By the spring of 1953, the Korean War had ossified into a bloody stalemate near the 38th parallel. North Korea was holding on thanks to Chinese boots on the ground and Soviet planes in the air. At sea, though, the math was even uglier. The Korean People’s Navy was a fleet of patrol boats, torpedo skiffs, and a few aging submarines — pitted against the largest two-ocean navy on Earth.
On March 15, 1953, one North Korean shore battery decided to even the odds. They picked a fight with the wrong ship.
Meet the Big Wisky
The USS Wisconsin (BB-64) was an Iowa-class battleship — the kind of warship that turns coastlines into parking lots. After World War II she had been mothballed in the Atlantic Reserve Fleet, but the Korean War yanked her back into service. By November 1951 she was off the Korean coast, lobbing shells at:
- Enemy troop concentrations
- Artillery positions
- Supply trains
- Rail tunnels (yes, the actual tunnels)
For nearly two years the Wisconsin operated almost completely unmolested. Smugglers gave her a wide berth. Gunboats stayed in port. Then a North Korean gun crew on the eastern coast decided to test their luck.
One Lucky Shot
While the Wisconsin was hammering shore targets, a Soviet-made 152mm artillery shell came screaming back the other way.

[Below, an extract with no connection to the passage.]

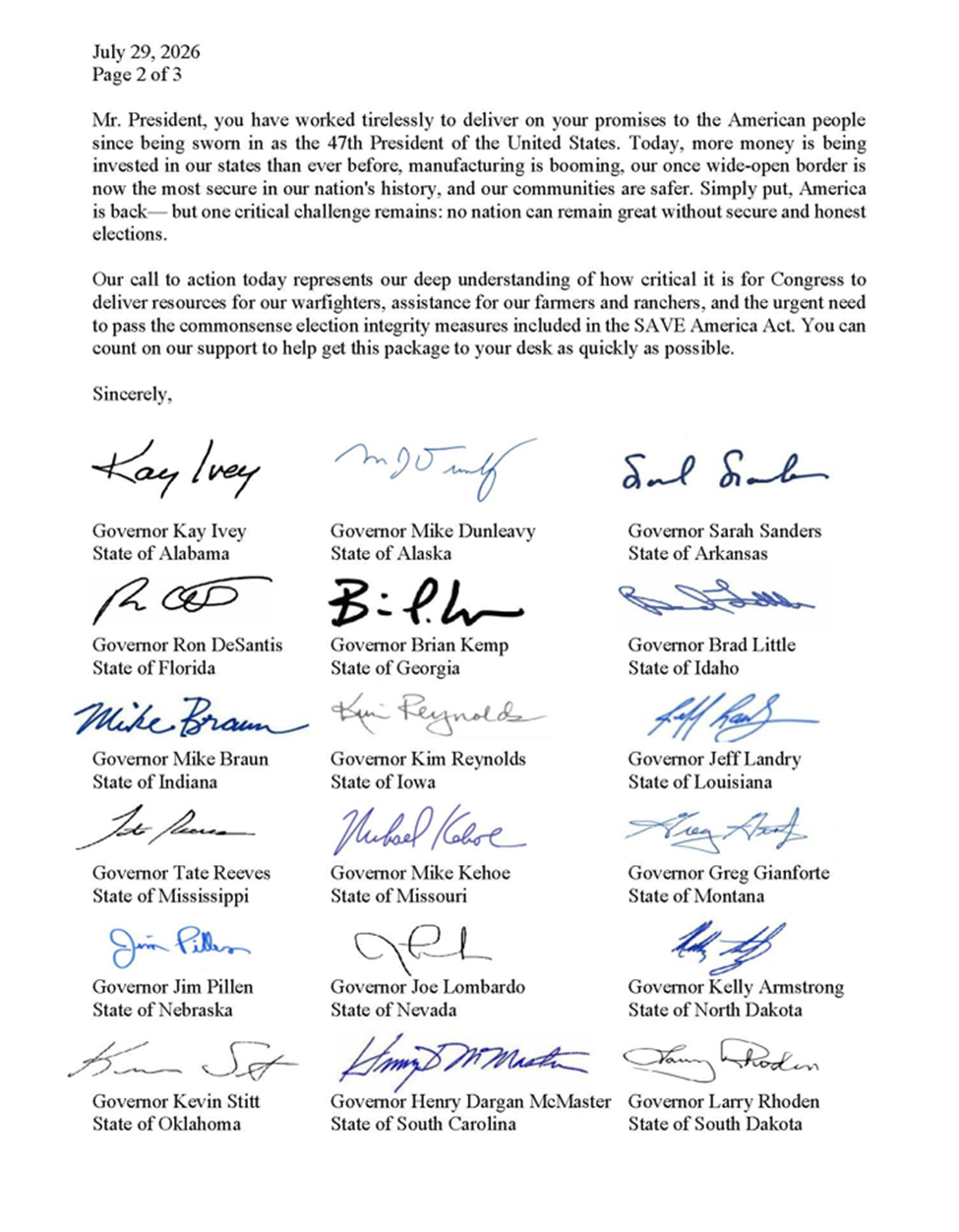 Budget Reconciliation Package Letter - page 2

It slammed into her port side amidships and managed to do real damage — at least by battleship standards:
- Shattered a section of her teak deck planking
- Destroyed the splinter shield on a 40mm gun mount
- Wounded three American sailors
No one on board was killed. The Wisconsin’s armor belt — built to shrug off Yamato-class fire — barely noticed. But the captain noticed. The crew noticed. And the response was not subtle.
The Reply: Nine Shells, 2,700 Pounds Each
The Wisconsin swung all three of her 16-inch Mark-7 main turrets toward the offending battery and fired a full nine-gun broadside. Each shell weighed 2,700 pounds. That is roughly the weight of a Honda Civic — flying at supersonic speed — landing on a gun pit.

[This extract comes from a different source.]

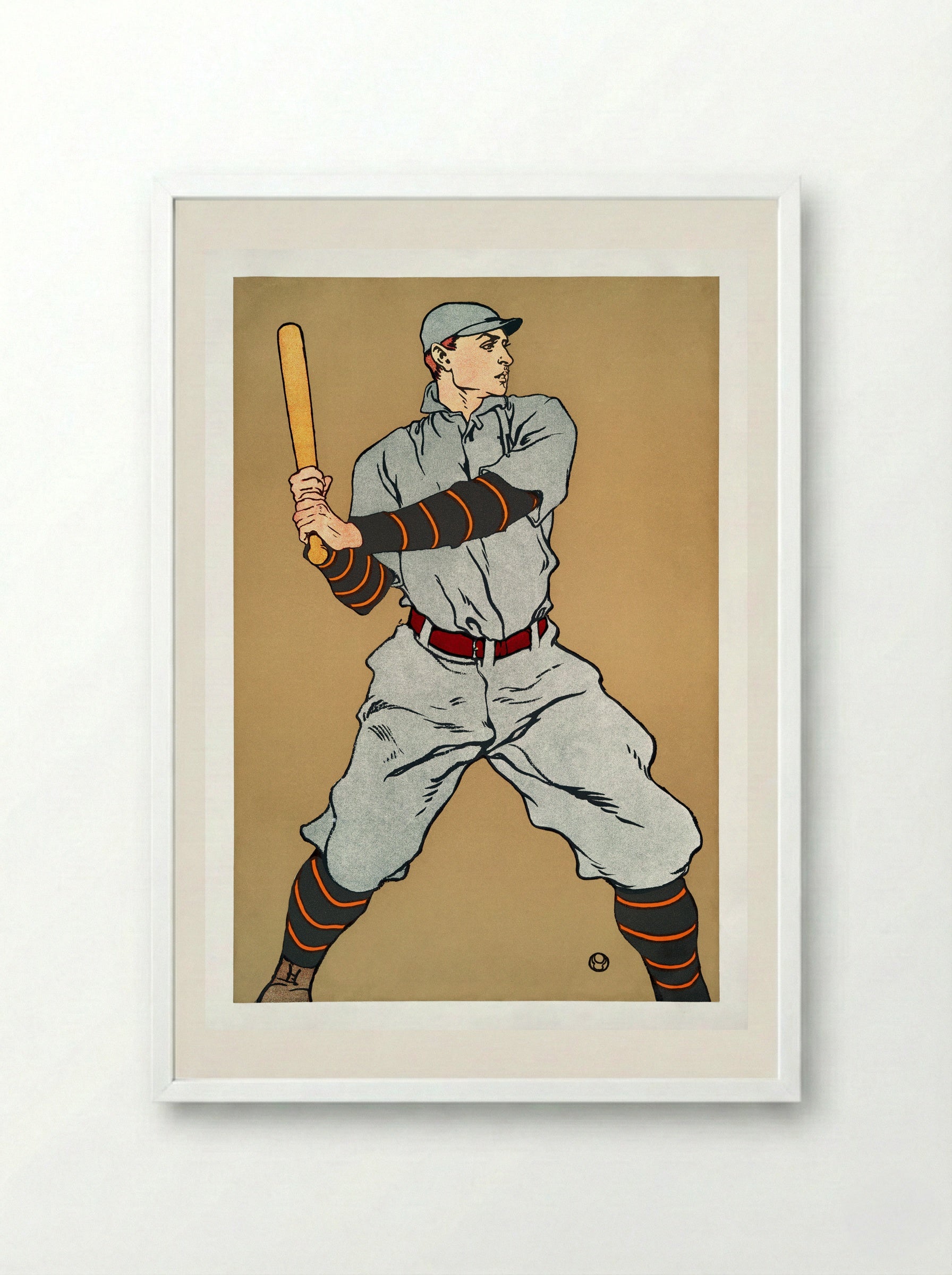 Baseball Player Holding a Bat - Edward Penfield - Framed Print White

A full Iowa-class broadside has been described as capable of sinking an armored aircraft carrier. The odds that the North Korean gun crew survived their moment of inspiration sit somewhere between slim and atomized.
“Temper Temper”
Watching the carnage from nearby, the destroyer USS Buck reportedly signaled the Wisconsin a now-legendary message: “Temper Temper.” It is the kind of dry, understated comment that only a Navy crew watching a battleship melt a hillside could come up with.
What Happened Next
For the rest of the Korean War, neither North Korean nor Chinese forces took another shot at the Big Wisky. Apparently word got around. The Wisconsin finished out the war, eventually became a training ship for Naval Academy midshipmen, and saw action again in Operation Desert Storm decades later — this time launching Tomahawks instead of shells.
Today she sits as a museum ship in Norfolk, Virginia. You can walk her decks, peer down the muzzles of those 16-inch guns, and reflect on a simple piece of wisdom from 1953: if you must pick a fight, do not pick it with an Iowa-class battleship.